An Innovative Approach to Optimizing Design of HP/HT Well Tubular Strings

Abstract

Abstract In traditional well completion design, the size and geometric configuration of various structural tubular components are determined by a set of stress limits based on the material properties and type of loading under the worst conditions expected during the projected service life. Uncertainties associated with design variables are presumably compensated by introducing safety factors derived primarily from past experience. It is intuitively obvious that a lower safety factor leads to a design with higher risk. However, those safety factors give no quantitative indication of risk assessment of an intended design, and no insight into the degree of risk. Moreover, this approach often leads to over-conservative design and therefore excessive cost, or over-risk design, which can cause failure in tubular components. This paper introduces an innovative approach to fill this gap. This approach integrates design of experiments (DOE) and stochastic study into the design process.

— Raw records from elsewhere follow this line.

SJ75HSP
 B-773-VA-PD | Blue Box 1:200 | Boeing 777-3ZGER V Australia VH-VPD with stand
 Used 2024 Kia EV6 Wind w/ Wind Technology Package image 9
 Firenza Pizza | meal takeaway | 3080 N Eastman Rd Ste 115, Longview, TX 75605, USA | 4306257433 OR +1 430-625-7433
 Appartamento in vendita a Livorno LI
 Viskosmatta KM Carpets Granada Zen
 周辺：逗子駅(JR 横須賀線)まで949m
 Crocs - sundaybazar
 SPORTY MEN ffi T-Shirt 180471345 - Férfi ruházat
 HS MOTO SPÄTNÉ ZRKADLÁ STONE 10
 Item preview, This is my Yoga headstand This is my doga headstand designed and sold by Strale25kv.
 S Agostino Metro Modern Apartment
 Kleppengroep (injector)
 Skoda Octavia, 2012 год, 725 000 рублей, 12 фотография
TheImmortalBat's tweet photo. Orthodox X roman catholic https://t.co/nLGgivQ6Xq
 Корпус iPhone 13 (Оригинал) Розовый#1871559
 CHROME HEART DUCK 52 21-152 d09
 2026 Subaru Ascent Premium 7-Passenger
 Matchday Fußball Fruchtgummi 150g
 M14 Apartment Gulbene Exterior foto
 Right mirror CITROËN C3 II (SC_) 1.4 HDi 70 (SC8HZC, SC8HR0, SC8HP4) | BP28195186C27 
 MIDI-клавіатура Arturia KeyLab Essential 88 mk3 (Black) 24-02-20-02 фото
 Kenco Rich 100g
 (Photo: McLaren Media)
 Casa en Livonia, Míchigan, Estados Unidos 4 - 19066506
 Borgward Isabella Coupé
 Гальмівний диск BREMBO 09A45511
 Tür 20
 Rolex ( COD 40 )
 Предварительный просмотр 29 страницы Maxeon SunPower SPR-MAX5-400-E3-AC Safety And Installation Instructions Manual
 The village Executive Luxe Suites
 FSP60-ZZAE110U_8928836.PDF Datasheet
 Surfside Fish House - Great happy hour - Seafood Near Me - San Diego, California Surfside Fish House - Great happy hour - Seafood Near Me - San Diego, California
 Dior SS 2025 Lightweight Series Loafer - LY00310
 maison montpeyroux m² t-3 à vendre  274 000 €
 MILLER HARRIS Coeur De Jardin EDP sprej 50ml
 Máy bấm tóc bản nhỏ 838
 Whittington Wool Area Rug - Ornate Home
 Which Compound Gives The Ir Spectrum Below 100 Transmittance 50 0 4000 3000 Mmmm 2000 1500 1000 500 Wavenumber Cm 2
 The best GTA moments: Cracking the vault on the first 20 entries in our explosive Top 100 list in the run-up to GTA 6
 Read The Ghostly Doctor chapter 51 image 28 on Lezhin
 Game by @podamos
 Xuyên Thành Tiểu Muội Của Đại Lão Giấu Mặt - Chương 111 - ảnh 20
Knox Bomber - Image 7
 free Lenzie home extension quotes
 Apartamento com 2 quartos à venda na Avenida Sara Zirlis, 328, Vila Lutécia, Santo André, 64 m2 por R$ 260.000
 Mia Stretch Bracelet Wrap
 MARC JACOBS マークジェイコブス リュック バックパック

It explicitly considers the variability and uncertainty of each design variable in probabilistic terms, and allows the assessment of probability of failure of the design; thus it is able to help achieve better designs and higher-reliability completion tools. Design of experiments provides an efficient methodology to study the effects of design changes and identify the most influential design variables, and, therefore, provides clear design performance improvement direction for complicated designs. Stochastic study addresses sensitivity of stress or strain limits, which are tied to the life cycle of the tools, under the influence of variability of design parameters, and provides quantitative estimation of probability of success of the optimized design. A deepwater high-pressure/high temperature (HP/HT) tubular string design example will illustrate this new approach. The analysis results indicate this approach leads to a more robust design.